What You Really Need to Know About Converting Your Home Movies

Viewing home movies can make us feel like we’ve got access to a magical  time machine.

Home movies can help us remember some of our very earliest memories, and let us recall the great characteristics of loved ones who are no longer with us.

Movies play an important role in our family legacy by giving us visual AND audible reminders of our memories. In many ways, they’re even more powerful and personal than still photographs, because they help us relive moments, and remember the most vivid details of those events.

In her book Get “Reel” About Your Home Movie Legacy – Before It’s Too Late, author and blogger Rhonda Vigeant writes:

“Home movies are a slice of everyday life captured through the lens of people documenting moments in time that they wanted to record….They capture us in everyday moments in a real way unlike photos that tend to be staged moments where we prepare to look our best…The truth is, home movies are like a time machine. All we have to do is watch and we are transformed into a nostalgic place that our memories alone cannot access.”

Powerful, right?

But unfortunately, many older home movie memories are in danger. Recording and tape technology (in its many different forms) is fragile, and the passage of time can degrade or destroy our precious home movies.

In this two-part article on home movies, we’re going to talk about what we should think about when we’re consider converting our beloved home movie footage, why it’s important to convert your home movies to a flexible and durable format, and how to get help with the conversion process.

Let’s start by talking about the three most common home movies formats.

The 3 Types of Home Movies

Home movies are almost always in one of three common formats: Film, tape, or digital files.

Film movies are on movie reels that are wound into a projector and viewed on a screen. Many of us viewed educational movies in school that were on these traditional reels, and our teacher had to lug around a gigantic old film projector and clunky projector screen to show up these movies.

Tape movies are on cartridges that fit into a video camera. We play these tapes from a device (like a VCR or other player) and usually view them from a television. The player connects to the TV via specialized cables or cords.

Digital file movies are typically recorded from smartphones, tablets and video cameras. We can view them on desktop or laptop computers, or on televisions. This is the most flexible and durable file format for our home movie memories.

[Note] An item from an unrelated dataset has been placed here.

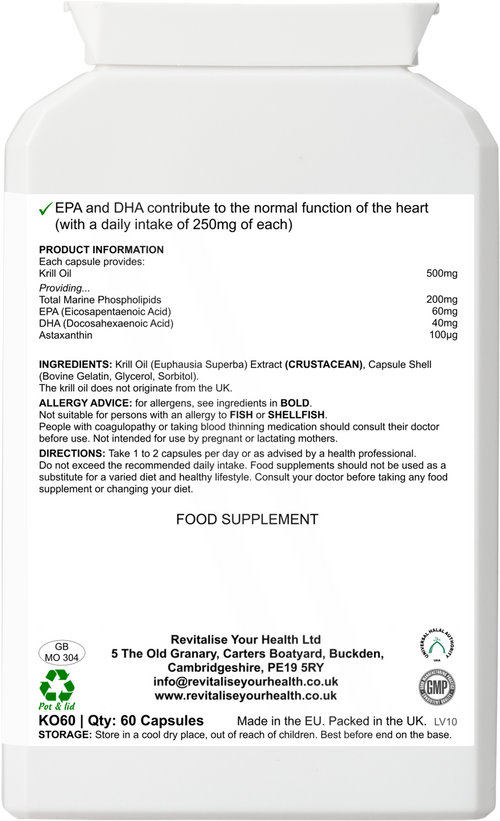 Antarctic Krill Oil — 60 Capsules | Omega 3, EPA, DHA & Astaxanthin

Why It’s Important to Convert Your Home Movies

As I mentioned above, our home movies may be in danger due to the ongoing passage of time (and all the problems that come with time ticking on).

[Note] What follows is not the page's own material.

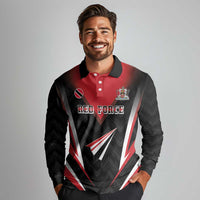 Custom Trinidad And Tobago Cricket Long Sleeve Polo Shirt Go Red Force
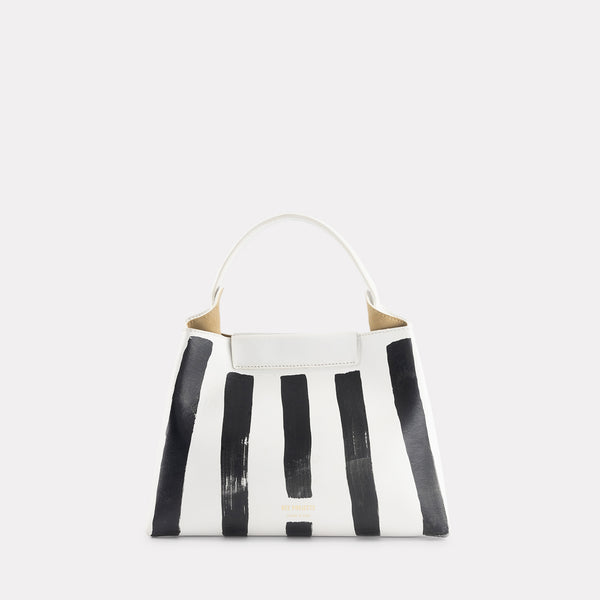 ree projects ELIEZE MINI - SOFT CALF - HAND PAINTED STRIPES WHITE/BLACK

It’s important to convert your home movies sooner rather than later. It’s critical because:

1. Replaying movie film on projectors makes it fragile, and you can damage your movies when you watch them. Unfortunately, film degrades quickly, and every time you run it through a film projector, you risk permanently damaging your film reels. And remember – once those home movies are damaged or destroyed, they’re gone for good.

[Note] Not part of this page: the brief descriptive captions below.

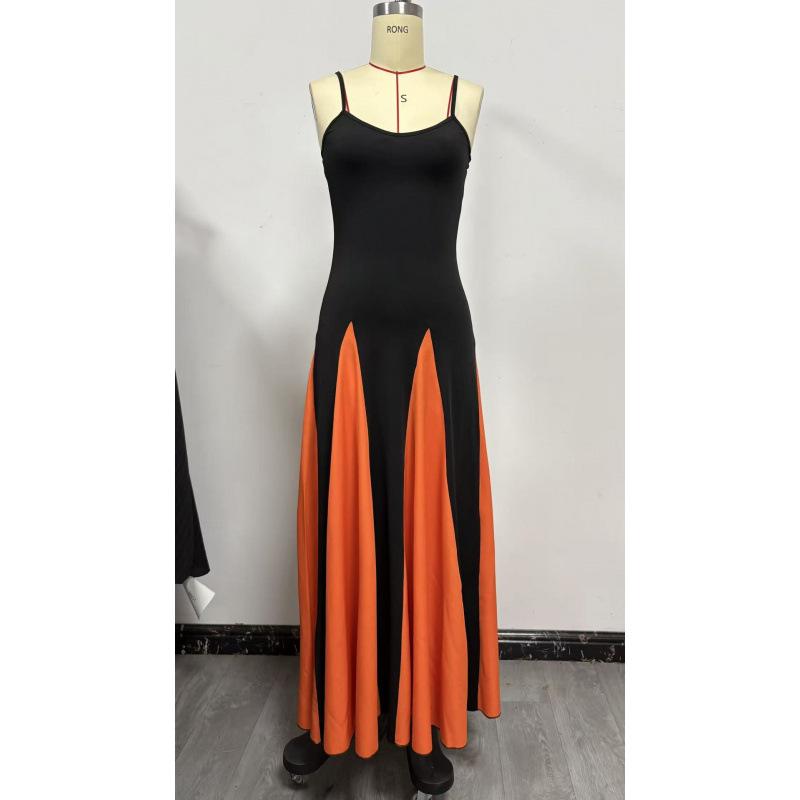 Elegantes, modisches und sexy Club-Trend-Off-Shoulder-Patchwork-Maxikleid mit Trägern, Damen-Abendkleid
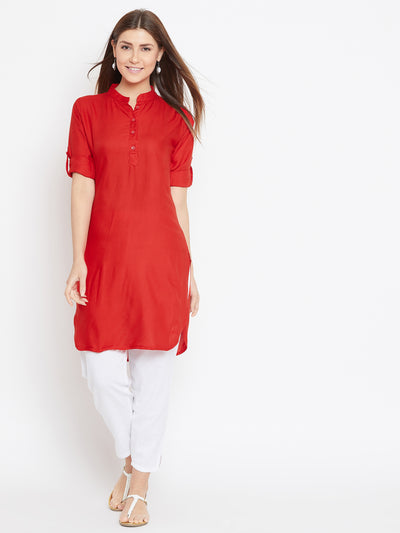 Red Solid Color Kurti M 36"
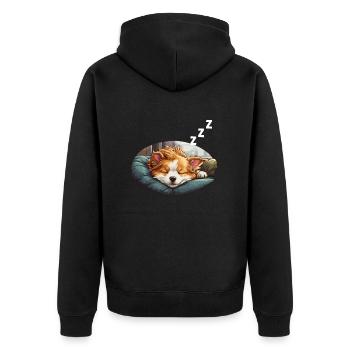 Corgi ZZZ - Veste à capuche bio Premium Unisexe - noir - Dos - Nico (187cm)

2. If your films haven’t been properly cleaned or stored, they may disintegrate. Even if you’re not playing your home movies on a projector, your film reels might be getting damaged if you’re not storing them in a dry, temperate location. If you’ve got mold damage, the disintegration might be even worse.

3. Video tape equipment (for replaying your videos) is disappearing. If you have home movies on VHS, do you still have a VCR to play those tapes? If not, you might not be able to play your tapes at all, because VCRs are no longer sold in regular stores – you can only get them in specialty shops. And there are fewer and fewer technicians who can repair old tape players!

If you’ve got video tapes in another format (like Beta Max, Betacam SP, DV, DVC-Pro, DVCAM, Mini-DV, 8mm, Hi8, or Digital 8), you can probably view the movie by connecting the camera to your television. But do you still have the camera and the cables for playback? Even if you do have the playback equipment, technology is changing rapidly, and old cameras aren’t always compatible with new televisions.

4. Technology keeps changing, so old media formats aren’t compatible with current technology. Home movies on film reels and tape aren’t in the same format as digital files, so you can’t play them on your present-day tablets, computers and phones. You can’t play a movie tape on a DVD or BluRay player, and you can’t play movie film or tapes on anything modern.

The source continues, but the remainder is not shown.